- _Problem to solve_: Note on the material below: return exactly the lines from the line that holds "Transmission Tower" through the line that holds "ANTICA ERBORISTERIA NETTLE", and leave out each picture.

- _Material for the task_:
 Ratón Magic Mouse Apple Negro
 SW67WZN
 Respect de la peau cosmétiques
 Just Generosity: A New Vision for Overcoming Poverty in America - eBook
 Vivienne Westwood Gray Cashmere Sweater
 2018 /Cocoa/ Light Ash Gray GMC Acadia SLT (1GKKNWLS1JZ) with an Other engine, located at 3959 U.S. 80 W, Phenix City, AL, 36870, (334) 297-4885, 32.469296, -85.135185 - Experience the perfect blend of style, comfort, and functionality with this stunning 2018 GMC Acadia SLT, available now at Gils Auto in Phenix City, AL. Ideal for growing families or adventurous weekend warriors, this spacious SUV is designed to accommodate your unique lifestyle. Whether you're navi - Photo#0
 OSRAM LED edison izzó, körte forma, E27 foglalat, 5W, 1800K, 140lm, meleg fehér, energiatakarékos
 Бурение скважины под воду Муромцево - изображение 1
==
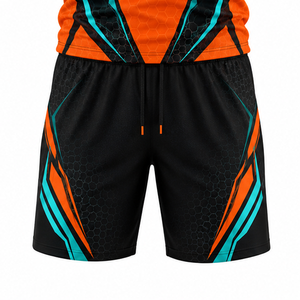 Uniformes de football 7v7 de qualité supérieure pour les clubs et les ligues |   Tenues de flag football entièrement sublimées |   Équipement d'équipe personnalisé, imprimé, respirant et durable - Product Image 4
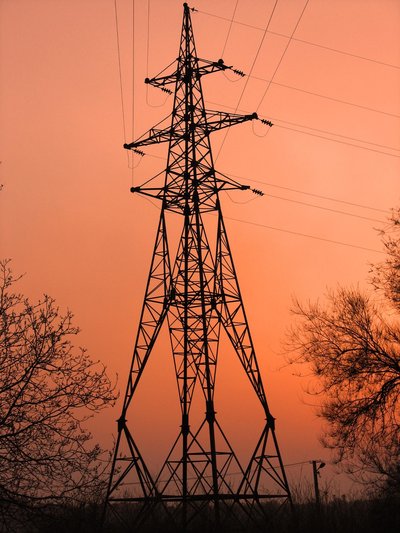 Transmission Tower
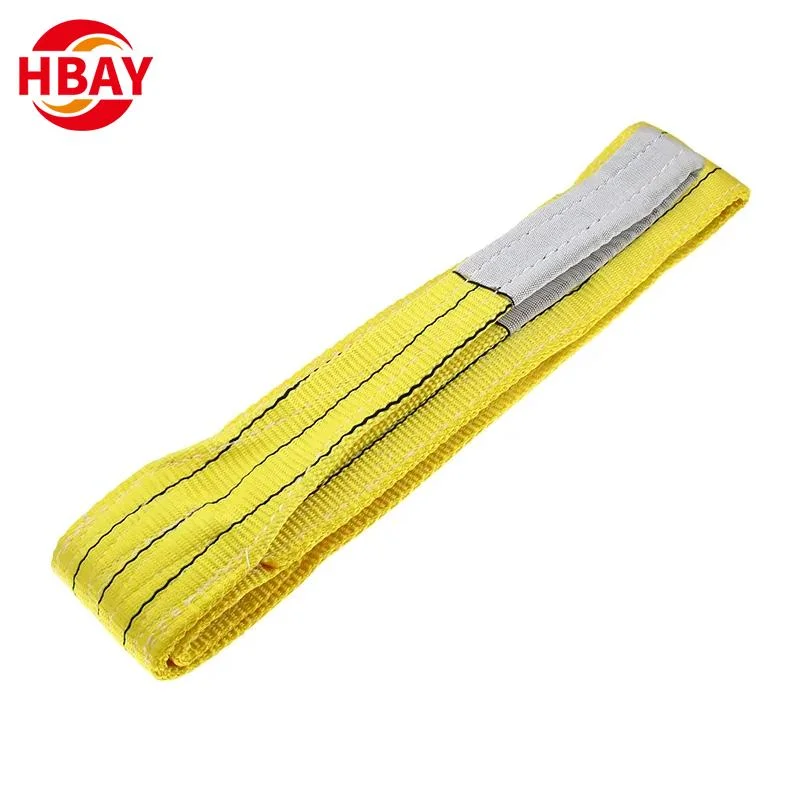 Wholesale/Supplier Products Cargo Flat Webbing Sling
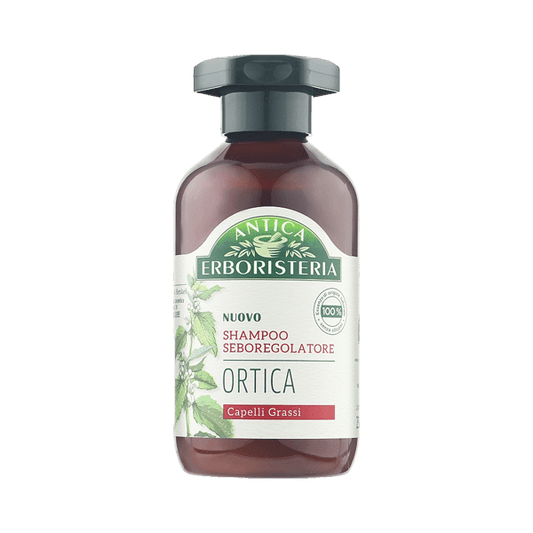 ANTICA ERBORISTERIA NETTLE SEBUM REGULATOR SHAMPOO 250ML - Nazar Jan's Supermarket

- _Task output_:
 Transmission Tower
 Wholesale/Supplier Products Cargo Flat Webbing Sling
 ANTICA ERBORISTERIA NETTLE SEBUM REGULATOR SHAMPOO 250ML - Nazar Jan's Supermarket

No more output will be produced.